In the circuit you just built, a wire connects A/D2 to the row where the phototransistor’s emitter and resistor meet. The voltage at this part of the circuit will change as the light level sensed by the phototransistor changes. The phototransistor_voltage script measures the voltage at A/D2— one of the micro:bit module ’s three analog to digital input channels—and scrolls that value on the micro:bit module’s display. You will use this sketch to take and write down voltage readings of the ambient light, shade cast by your hand, and optionally of bright light from a flashlight if you have one handy.

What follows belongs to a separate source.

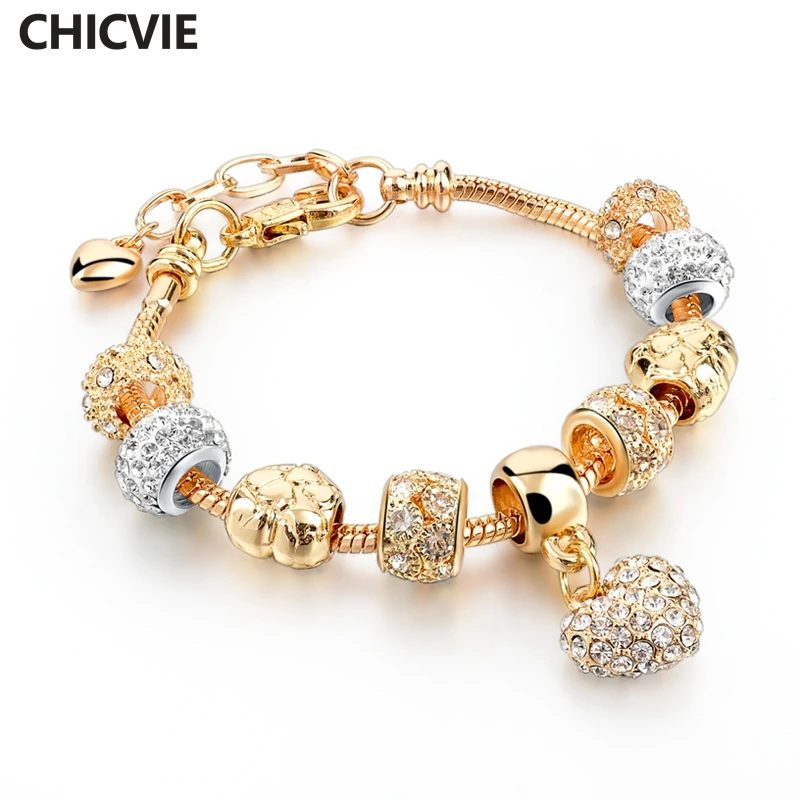 

CHICVIE NEW Gold Color Love Heart Bracelets & Bangles For Women Charm Brand Jewellery Making Adjustable Bracelet Femme Sbr160059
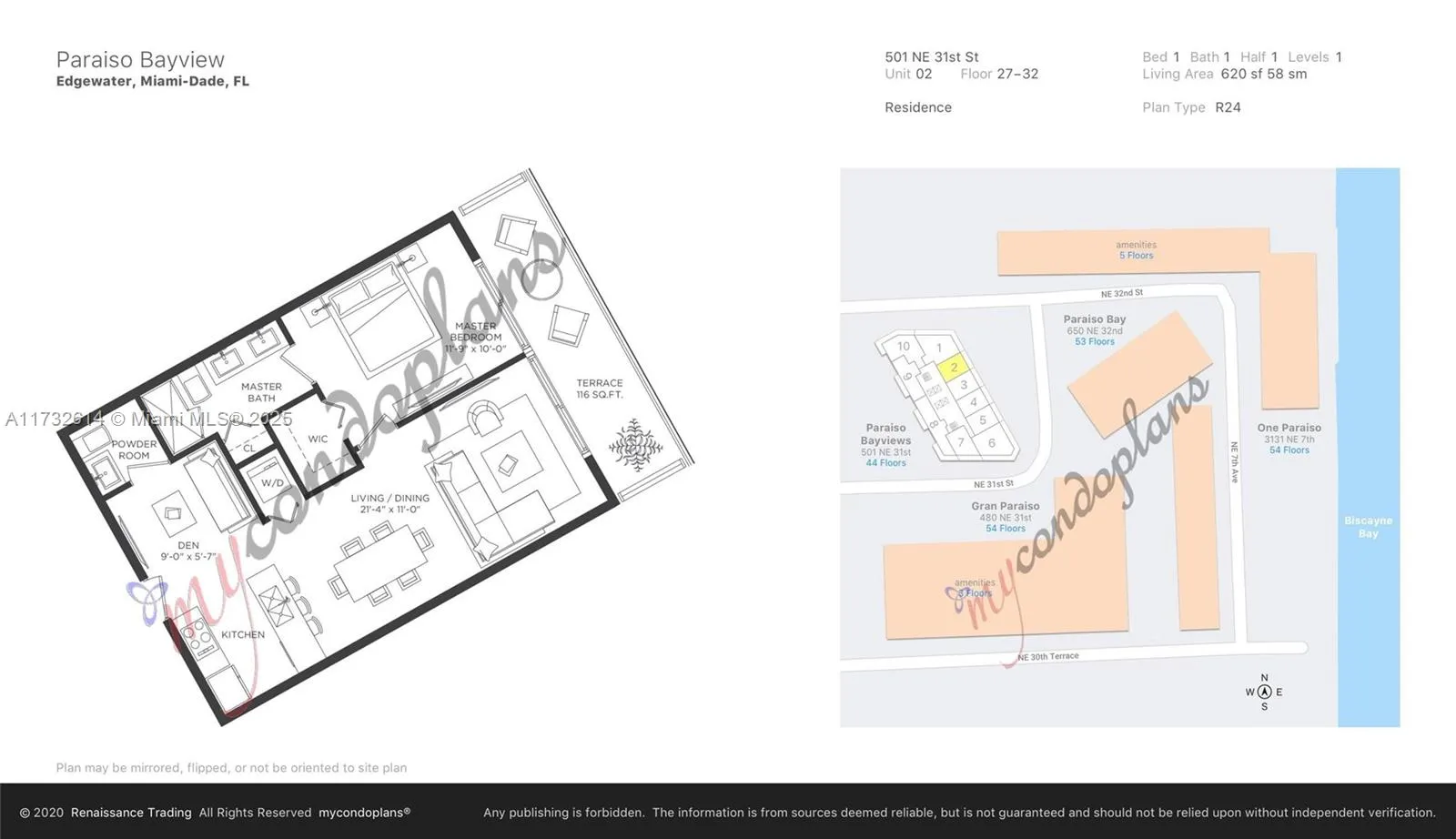 Miami, Florida 33137, United States, 1 Bedroom Bedrooms, ,2 BathroomsBathrooms,Residential,Active,13805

Example script: phototransistor_voltage
# phototransistor_voltage from cyberbot import * while True: ad2 = pin2.read_analog() volts = ad2 * (3.3/1024) out = "volts = " + str(volts) + "V" display.scroll(out, 80) sleep(500)
Measurements will vary with ambient light levels, but in general, brighter measurements will tend toward 3.3, and darker ones will tend toward 0 V. If you point the phototransistor at the sun or a bright flashlight, the measurements should be close to 3.3 V. As you block the light and cast darker shade, the measurements should decrease.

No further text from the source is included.